Exercise objective - With the line that contains "Eukaryotic cell vs. Prokaryote Cell" as the final line, return every line from the start of the data below exactly.

Records excerpted from a collection
------

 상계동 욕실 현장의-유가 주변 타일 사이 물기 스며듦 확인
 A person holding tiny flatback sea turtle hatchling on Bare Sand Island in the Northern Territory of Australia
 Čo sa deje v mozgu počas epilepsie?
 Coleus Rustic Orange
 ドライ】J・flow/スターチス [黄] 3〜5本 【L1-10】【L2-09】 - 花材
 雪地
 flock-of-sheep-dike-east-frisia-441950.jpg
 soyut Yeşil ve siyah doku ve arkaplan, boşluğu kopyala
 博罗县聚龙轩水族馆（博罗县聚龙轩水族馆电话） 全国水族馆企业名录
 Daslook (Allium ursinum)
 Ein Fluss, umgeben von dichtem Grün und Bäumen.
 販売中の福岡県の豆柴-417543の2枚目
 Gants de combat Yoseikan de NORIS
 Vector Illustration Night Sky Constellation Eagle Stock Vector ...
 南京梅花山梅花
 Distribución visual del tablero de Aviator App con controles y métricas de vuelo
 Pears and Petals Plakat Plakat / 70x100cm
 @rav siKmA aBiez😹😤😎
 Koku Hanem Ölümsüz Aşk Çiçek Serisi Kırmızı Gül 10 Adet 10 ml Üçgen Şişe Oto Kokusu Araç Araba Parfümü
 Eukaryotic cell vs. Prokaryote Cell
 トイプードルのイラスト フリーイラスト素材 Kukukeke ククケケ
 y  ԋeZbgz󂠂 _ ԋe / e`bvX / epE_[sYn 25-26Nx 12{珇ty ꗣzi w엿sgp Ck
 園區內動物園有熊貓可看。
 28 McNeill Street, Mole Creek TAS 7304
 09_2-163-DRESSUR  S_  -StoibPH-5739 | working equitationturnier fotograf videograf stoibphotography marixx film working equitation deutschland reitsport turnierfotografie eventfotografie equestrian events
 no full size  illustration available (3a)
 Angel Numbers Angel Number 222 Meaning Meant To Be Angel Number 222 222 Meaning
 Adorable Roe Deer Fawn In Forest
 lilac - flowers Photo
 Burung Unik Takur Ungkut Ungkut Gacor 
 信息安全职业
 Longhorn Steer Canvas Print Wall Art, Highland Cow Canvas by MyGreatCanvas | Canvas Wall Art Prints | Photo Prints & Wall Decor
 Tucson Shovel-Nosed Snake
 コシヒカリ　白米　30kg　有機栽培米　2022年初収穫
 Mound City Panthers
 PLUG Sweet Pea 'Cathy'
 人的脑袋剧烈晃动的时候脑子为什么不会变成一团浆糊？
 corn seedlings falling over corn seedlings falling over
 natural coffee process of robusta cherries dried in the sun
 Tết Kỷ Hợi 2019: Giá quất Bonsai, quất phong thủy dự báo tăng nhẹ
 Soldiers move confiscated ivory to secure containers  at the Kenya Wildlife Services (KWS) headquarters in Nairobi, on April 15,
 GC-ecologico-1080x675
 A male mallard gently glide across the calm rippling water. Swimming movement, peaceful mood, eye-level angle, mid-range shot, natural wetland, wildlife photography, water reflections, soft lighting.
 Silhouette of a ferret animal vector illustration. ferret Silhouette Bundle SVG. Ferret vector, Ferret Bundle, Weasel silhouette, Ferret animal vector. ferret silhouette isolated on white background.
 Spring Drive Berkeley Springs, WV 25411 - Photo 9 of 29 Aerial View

------

Solution to this exercise -
 상계동 욕실 현장의-유가 주변 타일 사이 물기 스며듦 확인
 A person holding tiny flatback sea turtle hatchling on Bare Sand Island in the Northern Territory of Australia
 Čo sa deje v mozgu počas epilepsie?
 Coleus Rustic Orange
 ドライ】J・flow/スターチス [黄] 3〜5本 【L1-10】【L2-09】 - 花材
 雪地
 flock-of-sheep-dike-east-frisia-441950.jpg
 soyut Yeşil ve siyah doku ve arkaplan, boşluğu kopyala
 博罗县聚龙轩水族馆（博罗县聚龙轩水族馆电话） 全国水族馆企业名录
 Daslook (Allium ursinum)
 Ein Fluss, umgeben von dichtem Grün und Bäumen.
 販売中の福岡県の豆柴-417543の2枚目
 Gants de combat Yoseikan de NORIS
 Vector Illustration Night Sky Constellation Eagle Stock Vector ...
 南京梅花山梅花
 Distribución visual del tablero de Aviator App con controles y métricas de vuelo
 Pears and Petals Plakat Plakat / 70x100cm
 @rav siKmA aBiez😹😤😎
 Koku Hanem Ölümsüz Aşk Çiçek Serisi Kırmızı Gül 10 Adet 10 ml Üçgen Şişe Oto Kokusu Araç Araba Parfümü
 Eukaryotic cell vs. Prokaryote Cell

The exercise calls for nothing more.